[patch 02/21] mm: ratelimit PFNs busy info message

akpm@xxxxxxxxxxxxxxxxxxxx · Thu, 10 Aug 2017 15:23:35 -0700

From: Jonathan Toppins <jtoppins@xxxxxxxxxx>
Subject: mm: ratelimit PFNs busy info message

The RDMA subsystem can generate several thousand of these messages per
second eventually leading to a kernel crash.  Ratelimit these messages to
prevent this crash.

Doug said:

: I've been carrying a version of this for several kernel versions.  I don't
: remember when they started, but we have one (and only one) class of
: machines: Dell PE R730xd, that generate these errors.  When it happens,
: without a rate limit, we get rcu timeouts and kernel oopses.  With the
: rate limit, we just get a lot of annoying kernel messages but the machine
: continues on, recovers, and eventually the memory operations all succeed.

And:

: > Well...  why are all these EBUSY's occurring?  It sounds inefficient
: > (at least) but if it is expected, normal and unavoidable then perhaps we
: > should just remove that message altogether?
: 
: I don't have an answer to that question.  To be honest, I haven't
: looked real hard.  We never had this at all, then it started out of the
: blue, but only on our Dell 730xd machines (and it hits all of them),
: but no other classes or brands of machines.  And we have our 730xd
: machines loaded up with different brands and models of cards (for
: instance one dedicated to mlx4 hardware, one for qib, one for mlx5, an
: ocrdma/cxgb4 combo, etc), so the fact that it hit all of the machines
: meant it wasn't tied to any particular brand/model of RDMA hardware. 
: To me, it always smelled of a hardware oddity specific to maybe the
: CPUs or mainboard chipsets in these machines, so given that I'm not an
: mm expert anyway, I never chased it down.
: 
: A few other relevant details: it showed up somewhere around 4.8/4.9 or
: thereabouts.  It never happened before, but the prinkt has been there
: since the 3.18 days, so possibly the test to trigger this message was
: changed, or something else in the allocator changed such that the
: situation started happening on these machines?
: 
: And, like I said, it is specific to our 730xd machines (but they are
: all identical, so that could mean it's something like their specific
: ram configuration is causing the allocator to hit this on these machine
: but not on other machines in the cluster, I don't want to say it's
: necessarily the model of chipset or CPU, there are other bits of
: identicalness between these machines).

Link: http://lkml.kernel.org/r/499c0f6cc10d6eb829a67f2a4d75b4228a9b356e.1501695897.git.jtoppins@xxxxxxxxxx
Signed-off-by: Jonathan Toppins <jtoppins@xxxxxxxxxx>
Reviewed-by: Doug Ledford <dledford@xxxxxxxxxx>
Tested-by: Doug Ledford <dledford@xxxxxxxxxx>
Cc: Michal Hocko <mhocko@xxxxxxxx>
Cc: Vlastimil Babka <vbabka@xxxxxxx>
Cc: Mel Gorman <mgorman@xxxxxxxxxxxxxxxxxxx>
Cc: Hillf Danton <hillf.zj@xxxxxxxxxxxxxxx>
Cc: <stable@xxxxxxxxxxxxxxx>
Signed-off-by: Andrew Morton <akpm@xxxxxxxxxxxxxxxxxxxx>
---

 mm/page_alloc.c |    2 +-
 1 file changed, 1 insertion(+), 1 deletion(-)

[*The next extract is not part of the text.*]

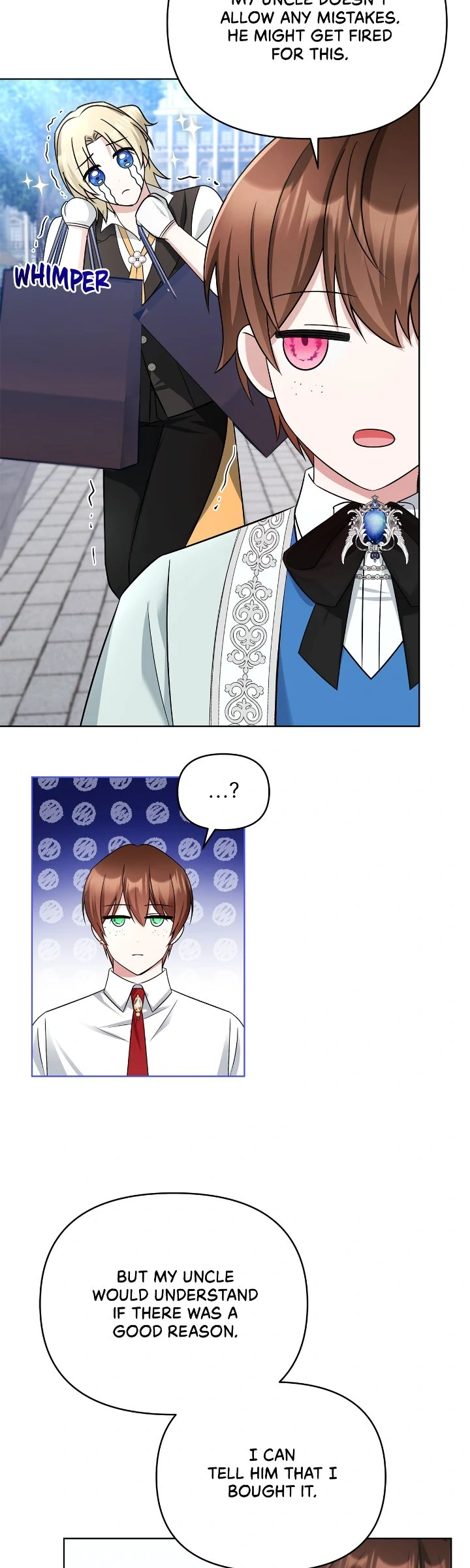 The Ugly Lady’s Secret Pouch Chapter 64 - page 25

diff -puN mm/page_alloc.c~mm-ratelimit-pfns-busy-info-message mm/page_alloc.c

--- a/mm/page_alloc.c~mm-ratelimit-pfns-busy-info-message
+++ a/mm/page_alloc.c
@@ -7669,7 +7669,7 @@ int alloc_contig_range(unsigned long sta
 
 	/* Make sure the range is really isolated. */
 	if (test_pages_isolated(outer_start, end, false)) {
-		pr_info("%s: [%lx, %lx) PFNs busy\n",
+		pr_info_ratelimited("%s: [%lx, %lx) PFNs busy\n",
 			__func__, outer_start, end);
 		ret = -EBUSY;
 		goto done;
_